Parameter Name: GRIDMANAGER_MAX_JOBMANAGERS_PER_RESOURCE
Sample Value  : 
Integer

For grid jobs of type gt2, limits the number of globus-job-manager processes that the condor_gridmanager lets run at a time on the remote head node. Allowing too many globus-job-managers to run causes severe load on the head note, possibly making it non-functional. Usually the default value in htcondor ( as of version 8.3.5) is 10.

This parameter is useful when you are doing remote job submissions using HTCondor-G.

Parameter Name: GRIDMANAGER_MAX_SUBMITTED_JOBS_PER_RESOURCE
Sample Value  : 
 Integer

An integer value that limits the number of jobs that a condor_gridmanager daemon will submit to a resource. A comma-separated list of pairs that follows this integer limit will specify limits for specific remote resources. Each pair is a host name and the job limit for that host. Consider the example
GRIDMANAGER_MAX_SUBMITTED_JOBS_PER_RESOURCE = 
                         200, foo.edu, 50, bar.com, 100.

In this example, all resources have a job limit of 200, except foo.edu, which has a limit of 50, and bar.com, which has a limit of 100. Limits specific to grid types can be set by appending the name of the grid type to the configuration variable name, as the example GRIDMANAGER_MAX_SUBMITTED_JOBS_PER_RESOURCE_CREAM = 300 In this example, the job limit for all CREAM resources is 300. Defaults to 1000 ( as of version 8.3.5).

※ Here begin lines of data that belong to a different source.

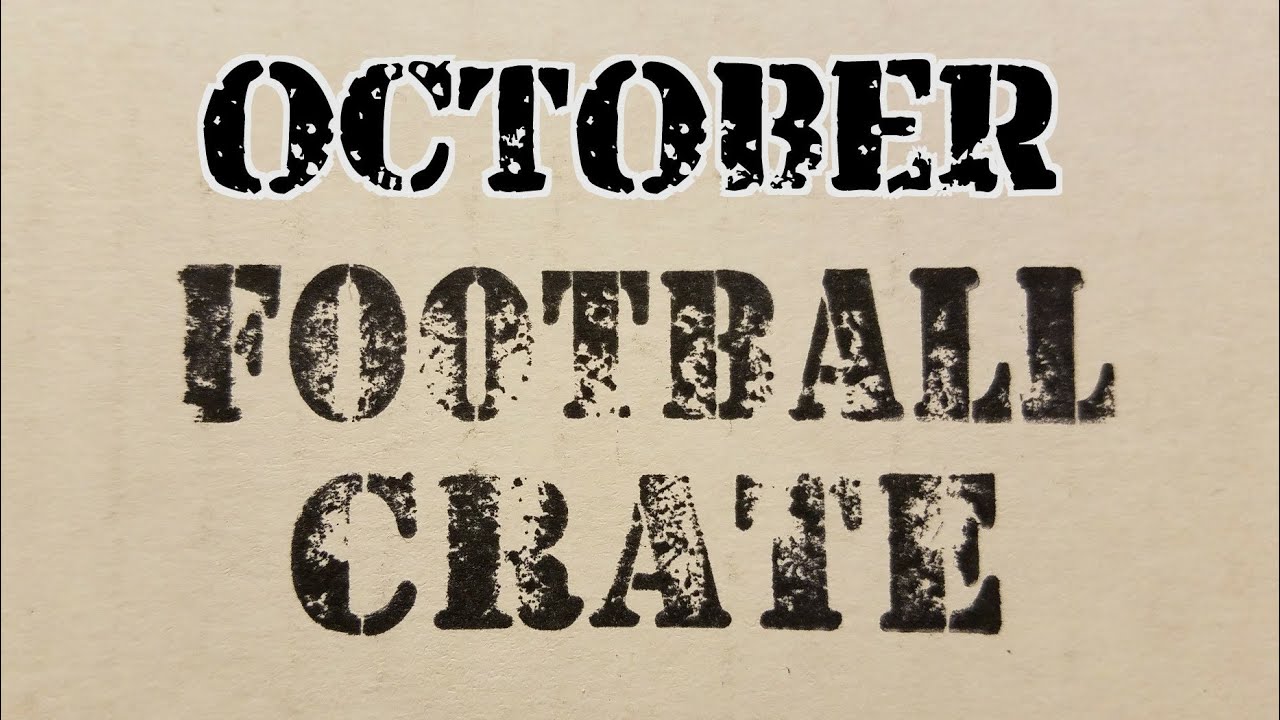 October 2017 Football Crate Unboxing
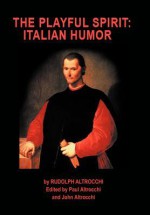 The Playful Spirit: Italian Humor - Rudolph Altrocchi, Paul Altrocchi, John Altrocchi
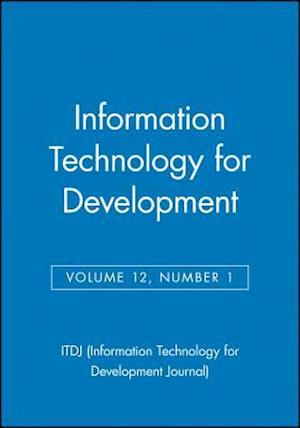 Information Technology for Development, Volume 12, Number 1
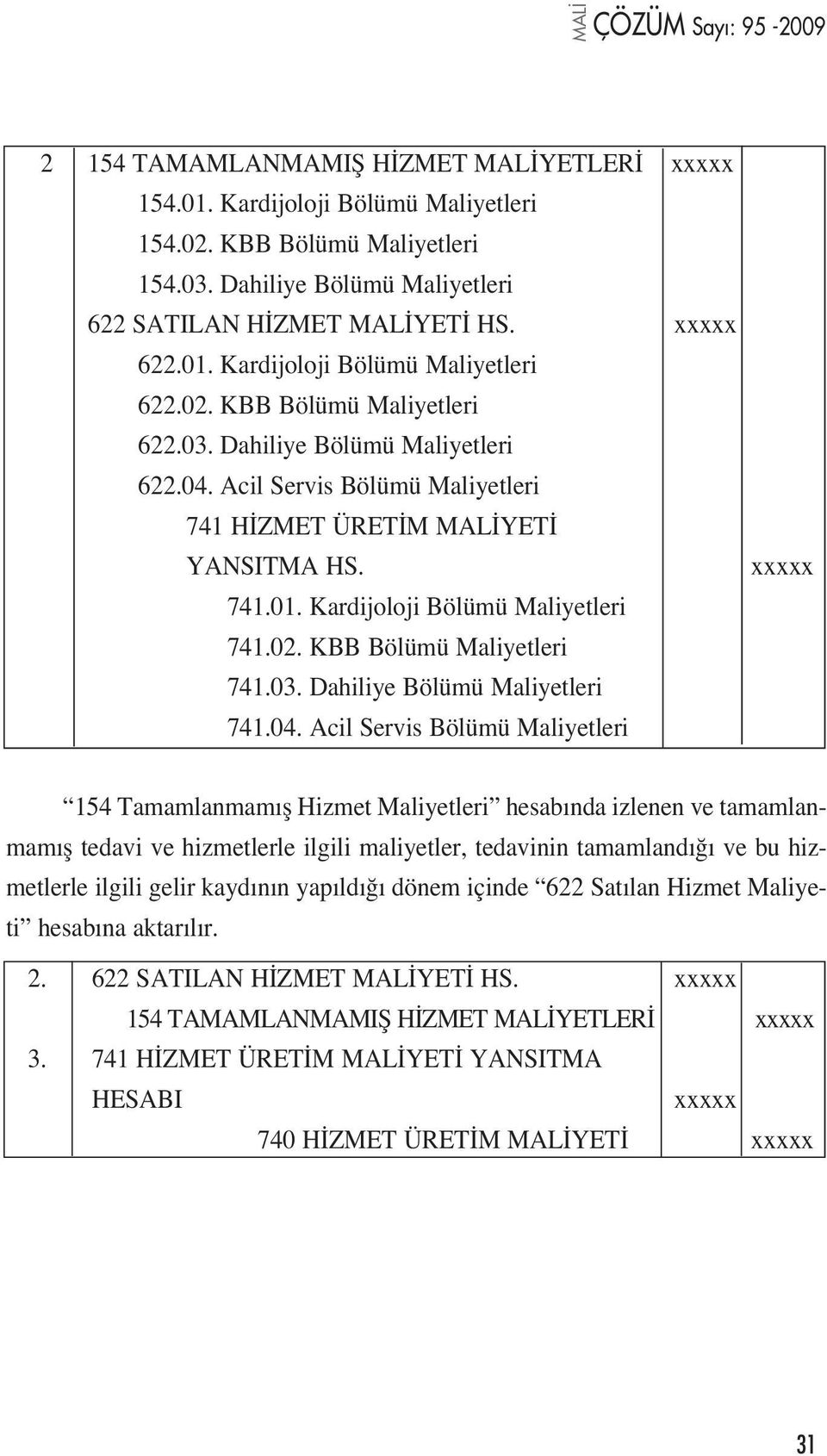 03. Dahiliye Bölümü Maliyetleri 741.04.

This parameter is useful when you are doing remote job submissions using HTCondor-G.


11.6.1. Job Throttling Across Workflows

Issue: DAGMan throttling knobs are per workflow, and don't work across workflows. Is there any way to control different types of jobs run at a time across workflows?

Solution: While not possible in all cases, it is possible to throttle different types of jobs across workflows if you configure the jobs to run in vanilla universe by leverage HTCondor concurrency limits. Most of the Pegasus generated jobs ( data transfer jobs and auxillary jobs such as create dir, cleanup and registration) execute in local universe where concurrency limits don't work. To use this you need to do the following

  1. Get the local universe jobs to run locally in vanilla universe. You can do this by associating condor profiles universe and requirements in the site catalog for local site or individually in the transformation catalog for each pegasus executable. Here is an example local site catalog entry.

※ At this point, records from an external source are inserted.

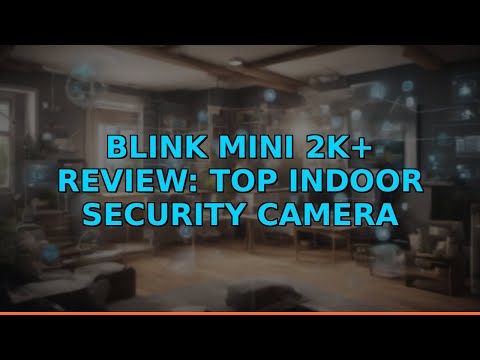 Blink Mini 2K+ Review: Top Indoor Security Camera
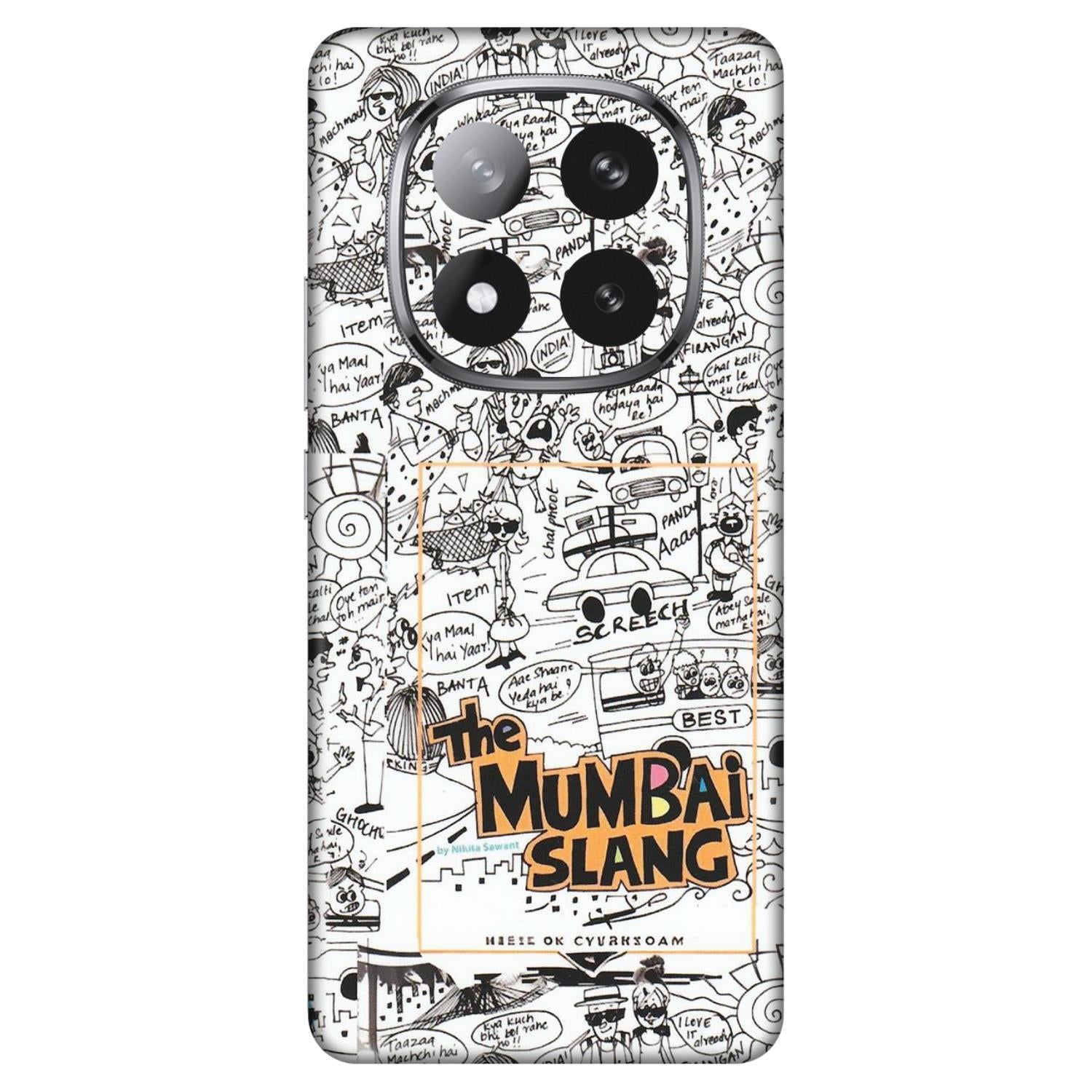 Xiaomi Redmi Phone Skins (All Models) - The Mumbai Slang - Matte Finish (M-142) Redmi Note 14 Pro Plus 5G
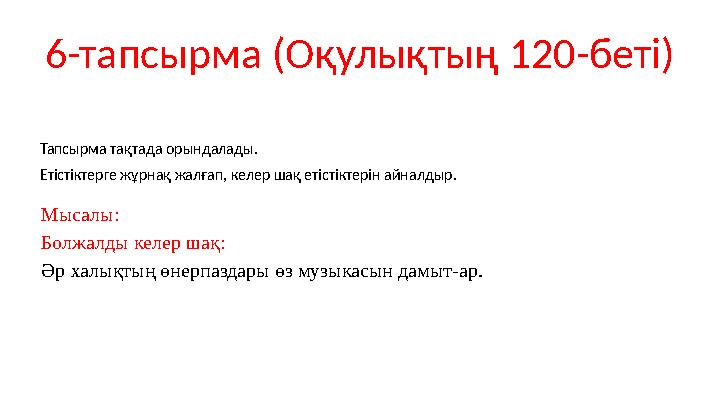 6-тапсырма (Оқулықтың 120-беті) Тапсырма тақтада орындалады. Етістіктерге жұрнақ жалғап, келер шақ етістіктерін айналдыр. Мысалы 6-тапсырма (Оқулықтың 120-беті) Тапсырма тақтада орындалады. Етістіктерге жұрнақ жалғап, келер шақ етістіктерін айналдыр. Мысалы
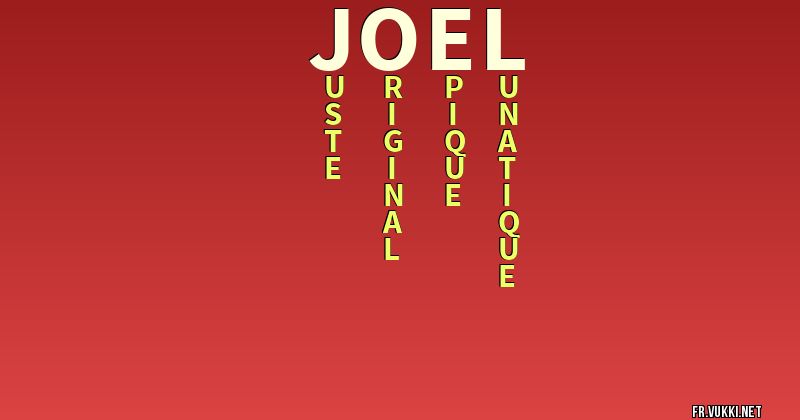 Signification du nom joel - ¿Que signifie ton nom?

     <site handle="local" arch="x86_64" os="LINUX">
          <directory type="shared-scratch" path="/shared-scratch/local">
             <file-server operation="all" url="file:///shared-scratch/local"/>
          </directory>
          <directory type="local-storage" path="/storage/local">
             <file-server operation="all" url="file:///storage/local"/>
          </directory>
    
          <!-- keys to make jobs scheduled to local site run on local site in vanilla universe -->
          <profile namespace="condor" key="universe">vanilla</profile>
          <profile namespace="condor" key="requirements">(Machine=="submit.example.com")</profile>
       </site>
    

    Replace the Machine value in requirements with the hostname of your submit host.

  2. Copy condor_config.pegasus file from share/pegasus/htcondor directory to your condor config.d directory.

Starting Pegasus 4.5.1 release, the following values for concurrency limits can be associated with different types of jobs Pegasus creates. To enable the generation of concurrency limits with the jobs set the following property in your properties file.

pegasus.condor.concurrency.limits   true

Table 11.7. Pegasus Job Types To Condor Concurrency Limits

Pegasus Job Type HTCondor Concurrency Limit Compatible with distributed condor_config.pegasus

Data Stagein Job

pegasus_transfer.stagein

Data Stageout Job

pegasus_transfer.stageout

Inter Site Data Transfer Job

pegasus_transfer.inter

Worker Pacakge Staging Job

pegasus_transfer.worker

Create Directory Job

pegasus_auxillary.createdir

Data Cleanup Job

pegasus_auxillary.cleanup

Replica Registration Job

pegasus_auxillary.registration

Set XBit Job

pegasus_auxillary.chmod

User Compute Job

pegasus_compute

Note

It is not recommended to set limit for compute jobs unless you know what you are doing.